Model Identification and Data Analysis course project at University of Pavia
Developed in collaboration with: @simoneghiazzi, @riccardocrescenti, @chiarabertocchi and @lucacolombo97
Goal: identification of an annual profile model for the long-term prediction of the Italian energy consumption time series
The provided dataset is composed of Italian energy consumption data for a two-year period.
From initial observations of the available dataset, there is a periodic pattern, both annual and weekly. For this reason, Fourier Series will be used in the development of the model.
The first step is to make the series stationary on average through the operation of detrending
For what concern the training and the validation of the model, the dataset is divided as follows:
- Training: energy consumption data of the first year
- Validation: second year energy consumption data
2 main models have been developed for the 2 different periodicities detected in the data:
- Weekly periodicity model: Phi_settimanale consisting of 6 harmonics, of period 7
- Annual periodicity model: 12 annual models were developed, up to 24 harmonics
A new validation Phi was created for the weekly model, using the weekly days of validation data: 12 final models were created consisting of the sum of the weekly validation model and the annual models created in the training phase.
Using the AIC and Crossvalidation tests, the model that best represents the data is chosen.
AIC Test:
CrossValidation Test:
From the tests we see that the best annual model is model 10, consisting of 20 regressors.
For this model we calculated:
- MSE = 3.836955832
- RMSE = 1.958814904
Validation Data 3D Plot:
Final Model Surface:
An analysis of the error histogram shows a concentration of errors around zero. However, there is an "anomalous" zone between -6 and -10, which represents the errors found in correspondence with the holidays.
As can be seen from the graph, the periods of greatest fluctuation in the validation epsilon (which represents the magnitude of the error) are those in correspondence with holidays, where:
- Blue: Easter
- Yellow: mid-August
- Red: Christmas
The final model was then retrained on the data without the holiday periods (Christmas and mid-August holidays, which have a fixed date) to improve the prediction of "normal" days. An average was made on the data values assumed during these holiday periods, which was then added to the final model as a "correction index".

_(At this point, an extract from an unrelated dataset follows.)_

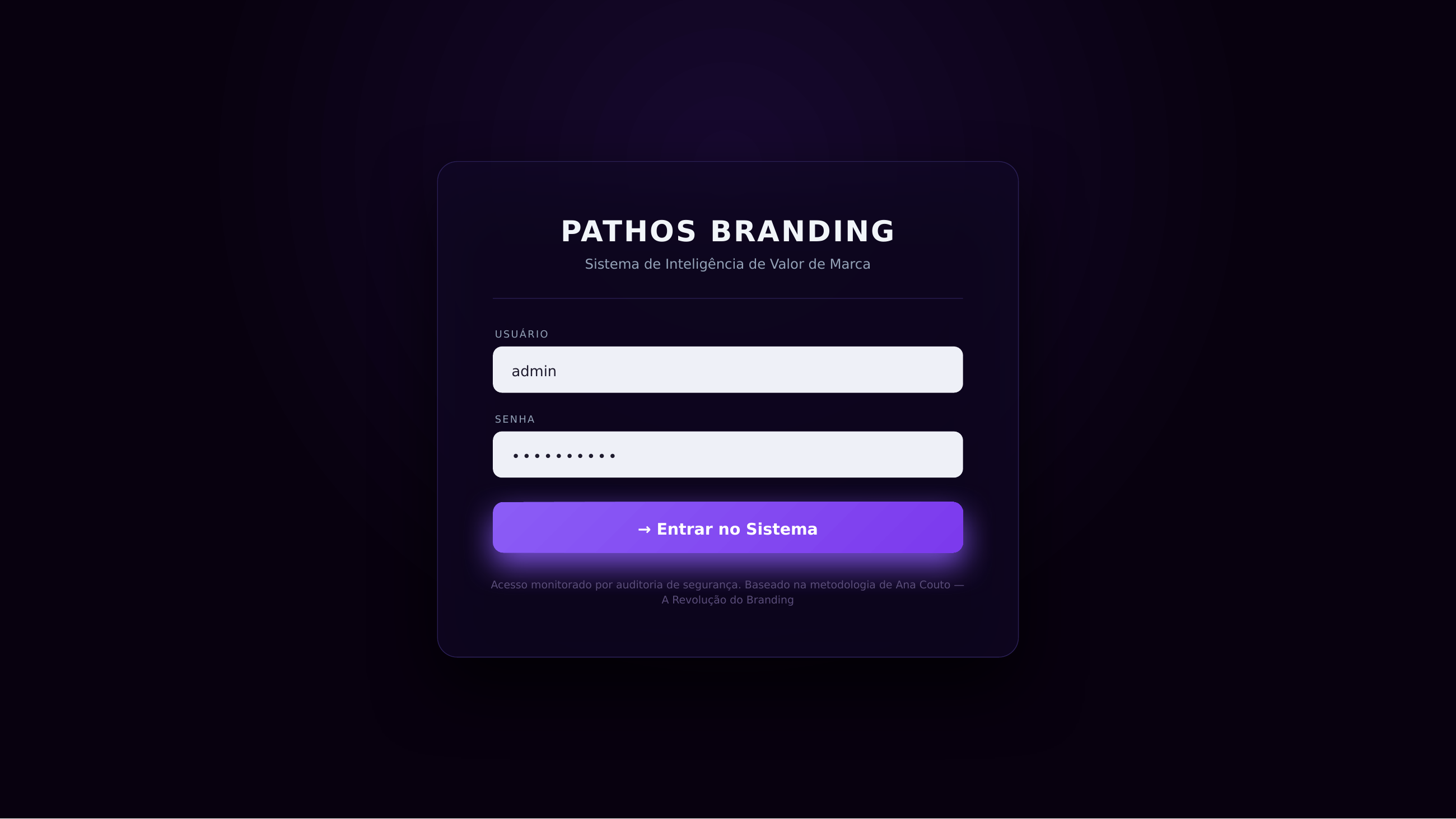 Tela de login do Pathos Branding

In this way the validation parameters improve:
- SSR = 1.186772448087091e+03
- MSE = 3.251431364622168
- RMSE = 1.803172583149535
The final function takes in input 2 scalars (day of the year, day of the week) and returns the prediction of energy consumption. It consists of:
- A method for solving null values
- Detrending technique: estimation of the trend of the 2 years
- Identification of the model on the 2 years supplied data
- Generation of the matrix containing all possible combinations day year - day week
- Trend extension: extension of the last value of the trend that is added to the data of forecast
The forecast data is then read from the matrix using the 2 input indices.